The Crime of Alleviating Poverty: A Local Community Currency Battles the Central Bank of Kenya

Jay OwenCommunity Development Solutions, Advisors' Forum

The Crime of Alleviating Poverty: A Local Community Currency Battles the Central Bank of Kenya

Former Peace Corps volunteer Will Ruddick and several residents of Bangladesh, Kenya, face a potential seven years in prison after developing a cost-effective way to alleviate poverty in Africa’s poorest slums.  Their solution: a complementary currency issued and backed by the local community.  The Central Bank of Kenya has now initiated charges of forgery.

Complementary currencies can help eradicate poverty.

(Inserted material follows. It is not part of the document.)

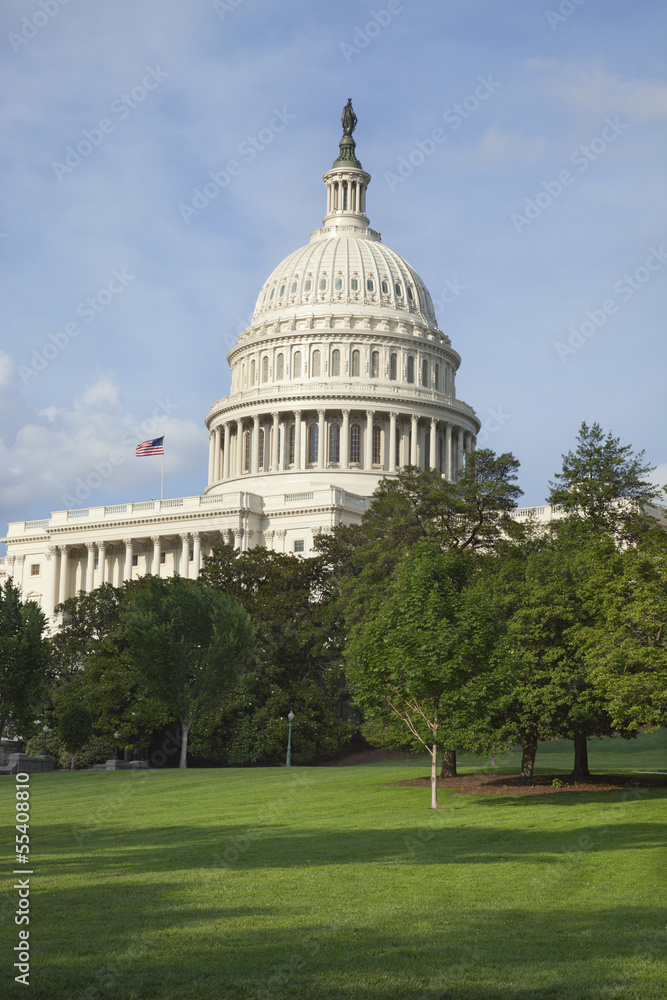 United States Capitol building in Washington DC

Proving that may be difficult in complex economies, due to the high number of factors influencing outcomes. But in an African slum with little of the national currency available, supplying residents with an alternative currency has a positive effect that is obvious, immediate and incontrovertible.

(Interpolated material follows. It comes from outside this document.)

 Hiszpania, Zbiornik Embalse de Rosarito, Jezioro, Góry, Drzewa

This was demonstrated when Will Ruddick, an American physicist, economist and former Peace Corps volunteer, introduced a complementary currency into a Kenyan slum called Bangladesh, near the coastal city of Mombasa. Will’s local development organization, Koru-Kenya, worked with over one hundred small business owners in Bangladesh, who agreed to give each other the equivalent of 400 shillings (about €3.5 or $4.60) in mutual credit in the form of business vouchers called Bangla-Pesa. Half of the vouchers would be available for spending on each others’ products and services, and half would be spent into the community on public projects such as waste collection and health services.  Allocation decisions were democratic and transparent, and the new currency was backed entirely by the community’s own resources and insured by a system of group guarantors, not by the Kenyan government or a development agency.